‘Froggies’ by Laura Whitton
It is some sort of cruel joke putting this straight after Le Guin’s story and Sarrantonio manages to contribute his worst introduction yet: he slaps himself and Dan Simmons on the back for discovering Whitton whilst pretending not to and at the same time simultaneously over-praises and denigrates her work. According to isfdb this was both her first and last published story.
In contrast to Le Guin, Whitton puts her xenoanthropologist centre stage. Unfortunately Jo-ann, her main character, is possibly the worst xenoanthropologist imaginable. Advanced life has been found on a new planet but apparently this species shows no sign of intelligence so the whole planet has been handed over for mining to the company that discovered it. Jo-ann sets out to prove the species are intelligent after all. (How she manages to get to another planet and set up her research centre without any apparent backing is never explained.) Her methods are even more baffling. The warning signs that she is not perhaps the most serious researcher are there from the beginning with the fact she is happy to call them Froggies. This doesn’t prepare the reader for the fact that she then kidnaps a Froggie and raises it as her son. “The ethics panel would have a field day with her methods.” No shit.

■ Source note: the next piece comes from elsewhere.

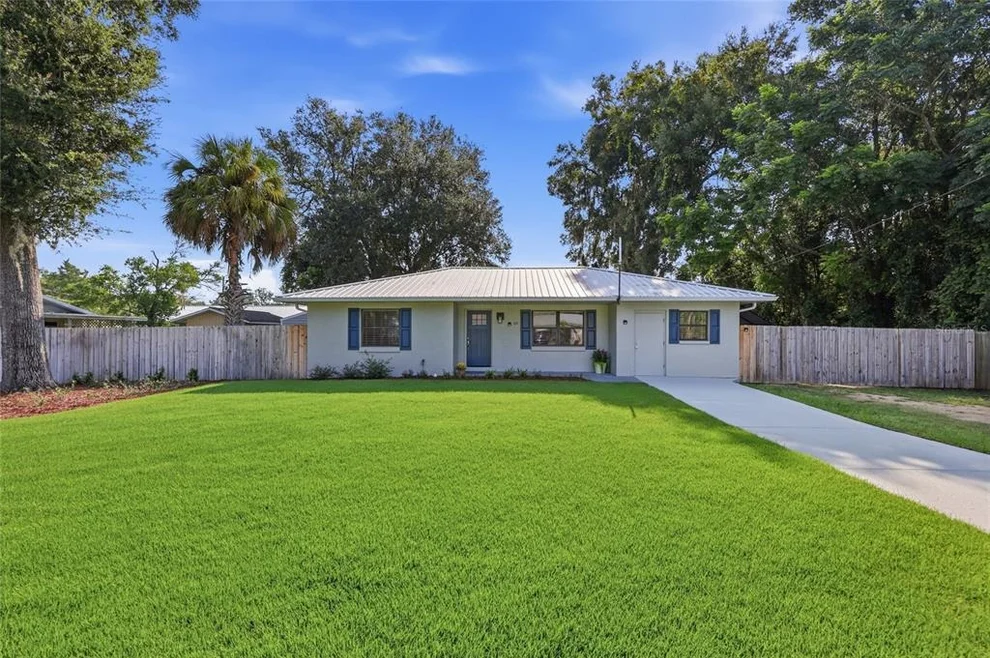 Unit for sale at 115 NE 5TH STREET, CHIEFLAND, FL 32626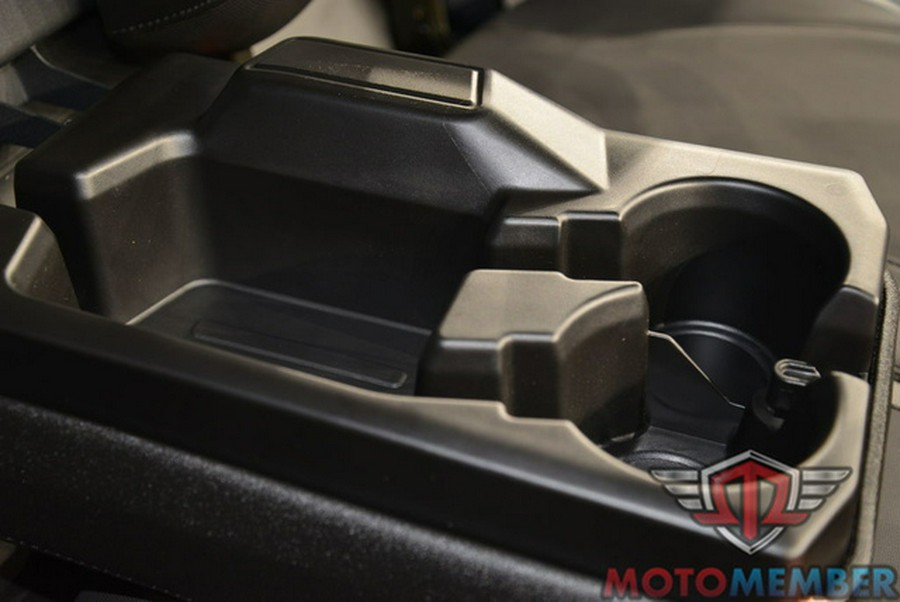 2025 Can-Am Defender XT HD10 XT HD9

The Froggies are intelligent and quickly learn to speak English. Rather bizarrely this is not considered evidence of intelligence, that would supposedly only be proved if they had their own language. Again, this is never explained nor is it made clear how an alien species can seem entirely unintelligent to a trained xenoanthropologist survey but quickly learn English after being given a hug.
Somewhere in this mess there is some interesting stuff about how the Froggies perceive the world in their natural state. Mostly this is lost by the stupidity of the story.